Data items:
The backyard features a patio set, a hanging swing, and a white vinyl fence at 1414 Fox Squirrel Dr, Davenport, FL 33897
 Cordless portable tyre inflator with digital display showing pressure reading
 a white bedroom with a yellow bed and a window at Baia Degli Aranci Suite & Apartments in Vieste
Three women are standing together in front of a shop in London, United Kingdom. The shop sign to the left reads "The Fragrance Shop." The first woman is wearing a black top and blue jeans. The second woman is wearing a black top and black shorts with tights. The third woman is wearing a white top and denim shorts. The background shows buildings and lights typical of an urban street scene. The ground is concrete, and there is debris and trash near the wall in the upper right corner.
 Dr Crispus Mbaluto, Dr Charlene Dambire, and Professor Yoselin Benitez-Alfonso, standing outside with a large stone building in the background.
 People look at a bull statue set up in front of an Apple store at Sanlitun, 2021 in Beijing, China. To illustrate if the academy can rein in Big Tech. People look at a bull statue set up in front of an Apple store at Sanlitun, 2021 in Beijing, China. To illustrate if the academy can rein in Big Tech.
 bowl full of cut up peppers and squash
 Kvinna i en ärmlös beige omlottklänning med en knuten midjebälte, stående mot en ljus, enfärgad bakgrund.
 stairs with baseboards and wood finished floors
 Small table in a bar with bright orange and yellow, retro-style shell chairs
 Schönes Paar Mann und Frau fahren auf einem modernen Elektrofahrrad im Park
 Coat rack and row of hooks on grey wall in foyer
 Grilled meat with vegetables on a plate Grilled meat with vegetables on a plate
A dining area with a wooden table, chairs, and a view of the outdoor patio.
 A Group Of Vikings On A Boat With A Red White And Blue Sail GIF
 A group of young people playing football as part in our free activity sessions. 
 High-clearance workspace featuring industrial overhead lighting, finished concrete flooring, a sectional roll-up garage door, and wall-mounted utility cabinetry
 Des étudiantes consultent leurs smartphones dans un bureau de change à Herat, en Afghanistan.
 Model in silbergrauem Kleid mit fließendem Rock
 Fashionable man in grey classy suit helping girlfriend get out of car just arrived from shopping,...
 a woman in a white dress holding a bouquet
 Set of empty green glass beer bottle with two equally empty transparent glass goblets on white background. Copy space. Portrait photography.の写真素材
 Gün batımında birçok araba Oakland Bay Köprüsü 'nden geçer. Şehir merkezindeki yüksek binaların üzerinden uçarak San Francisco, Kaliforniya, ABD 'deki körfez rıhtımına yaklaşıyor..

What is needed:
Each entry above is to be returned exactly as given.

Answer for this exercise:
The backyard features a patio set, a hanging swing, and a white vinyl fence at 1414 Fox Squirrel Dr, Davenport, FL 33897
 Cordless portable tyre inflator with digital display showing pressure reading
 a white bedroom with a yellow bed and a window at Baia Degli Aranci Suite & Apartments in Vieste
Three women are standing together in front of a shop in London, United Kingdom. The shop sign to the left reads "The Fragrance Shop." The first woman is wearing a black top and blue jeans. The second woman is wearing a black top and black shorts with tights. The third woman is wearing a white top and denim shorts. The background shows buildings and lights typical of an urban street scene. The ground is concrete, and there is debris and trash near the wall in the upper right corner.
 Dr Crispus Mbaluto, Dr Charlene Dambire, and Professor Yoselin Benitez-Alfonso, standing outside with a large stone building in the background.
 People look at a bull statue set up in front of an Apple store at Sanlitun, 2021 in Beijing, China. To illustrate if the academy can rein in Big Tech. People look at a bull statue set up in front of an Apple store at Sanlitun, 2021 in Beijing, China. To illustrate if the academy can rein in Big Tech.
 bowl full of cut up peppers and squash
 Kvinna i en ärmlös beige omlottklänning med en knuten midjebälte, stående mot en ljus, enfärgad bakgrund.
 stairs with baseboards and wood finished floors
 Small table in a bar with bright orange and yellow, retro-style shell chairs
 Schönes Paar Mann und Frau fahren auf einem modernen Elektrofahrrad im Park
 Coat rack and row of hooks on grey wall in foyer
 Grilled meat with vegetables on a plate Grilled meat with vegetables on a plate
A dining area with a wooden table, chairs, and a view of the outdoor patio.
 A Group Of Vikings On A Boat With A Red White And Blue Sail GIF
 A group of young people playing football as part in our free activity sessions. 
 High-clearance workspace featuring industrial overhead lighting, finished concrete flooring, a sectional roll-up garage door, and wall-mounted utility cabinetry
 Des étudiantes consultent leurs smartphones dans un bureau de change à Herat, en Afghanistan.
 Model in silbergrauem Kleid mit fließendem Rock
 Fashionable man in grey classy suit helping girlfriend get out of car just arrived from shopping,...
 a woman in a white dress holding a bouquet
 Set of empty green glass beer bottle with two equally empty transparent glass goblets on white background. Copy space. Portrait photography.の写真素材
 Gün batımında birçok araba Oakland Bay Köprüsü 'nden geçer. Şehir merkezindeki yüksek binaların üzerinden uçarak San Francisco, Kaliforniya, ABD 'deki körfez rıhtımına yaklaşıyor..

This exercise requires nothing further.